*** Begin section ***

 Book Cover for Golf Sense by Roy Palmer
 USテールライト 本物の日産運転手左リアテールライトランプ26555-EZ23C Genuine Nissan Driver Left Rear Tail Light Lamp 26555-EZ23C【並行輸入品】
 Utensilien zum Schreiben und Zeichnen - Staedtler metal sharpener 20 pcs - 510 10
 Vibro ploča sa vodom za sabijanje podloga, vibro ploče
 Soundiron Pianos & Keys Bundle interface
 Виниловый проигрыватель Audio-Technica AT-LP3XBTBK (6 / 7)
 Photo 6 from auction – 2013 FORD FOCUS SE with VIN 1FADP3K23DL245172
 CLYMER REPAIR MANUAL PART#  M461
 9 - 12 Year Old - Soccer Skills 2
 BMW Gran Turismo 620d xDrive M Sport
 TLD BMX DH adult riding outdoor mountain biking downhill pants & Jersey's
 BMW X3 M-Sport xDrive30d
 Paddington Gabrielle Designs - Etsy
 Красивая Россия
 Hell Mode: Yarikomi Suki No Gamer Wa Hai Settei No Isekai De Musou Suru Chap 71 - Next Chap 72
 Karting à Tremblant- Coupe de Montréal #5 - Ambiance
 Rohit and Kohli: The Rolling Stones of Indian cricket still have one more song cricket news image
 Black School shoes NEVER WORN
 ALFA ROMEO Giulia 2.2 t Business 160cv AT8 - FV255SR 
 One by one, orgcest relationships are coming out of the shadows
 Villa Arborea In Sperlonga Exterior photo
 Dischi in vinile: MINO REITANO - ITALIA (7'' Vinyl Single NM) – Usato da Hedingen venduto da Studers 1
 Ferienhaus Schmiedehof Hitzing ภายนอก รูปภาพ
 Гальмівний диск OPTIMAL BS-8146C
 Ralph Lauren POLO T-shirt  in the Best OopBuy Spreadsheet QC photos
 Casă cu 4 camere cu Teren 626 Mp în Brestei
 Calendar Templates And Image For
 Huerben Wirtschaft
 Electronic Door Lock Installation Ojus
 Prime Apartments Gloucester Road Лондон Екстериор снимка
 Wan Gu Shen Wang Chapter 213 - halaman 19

*** End section ***

Task objective
Print the material above verbatim, first line through the line containing "Karting à Tremblant- Coupe", both included.

Answer to this task
 Book Cover for Golf Sense by Roy Palmer
 USテールライト 本物の日産運転手左リアテールライトランプ26555-EZ23C Genuine Nissan Driver Left Rear Tail Light Lamp 26555-EZ23C【並行輸入品】
 Utensilien zum Schreiben und Zeichnen - Staedtler metal sharpener 20 pcs - 510 10
 Vibro ploča sa vodom za sabijanje podloga, vibro ploče
 Soundiron Pianos & Keys Bundle interface
 Виниловый проигрыватель Audio-Technica AT-LP3XBTBK (6 / 7)
 Photo 6 from auction – 2013 FORD FOCUS SE with VIN 1FADP3K23DL245172
 CLYMER REPAIR MANUAL PART#  M461
 9 - 12 Year Old - Soccer Skills 2
 BMW Gran Turismo 620d xDrive M Sport
 TLD BMX DH adult riding outdoor mountain biking downhill pants & Jersey's
 BMW X3 M-Sport xDrive30d
 Paddington Gabrielle Designs - Etsy
 Красивая Россия
 Hell Mode: Yarikomi Suki No Gamer Wa Hai Settei No Isekai De Musou Suru Chap 71 - Next Chap 72
 Karting à Tremblant- Coupe de Montréal #5 - Ambiance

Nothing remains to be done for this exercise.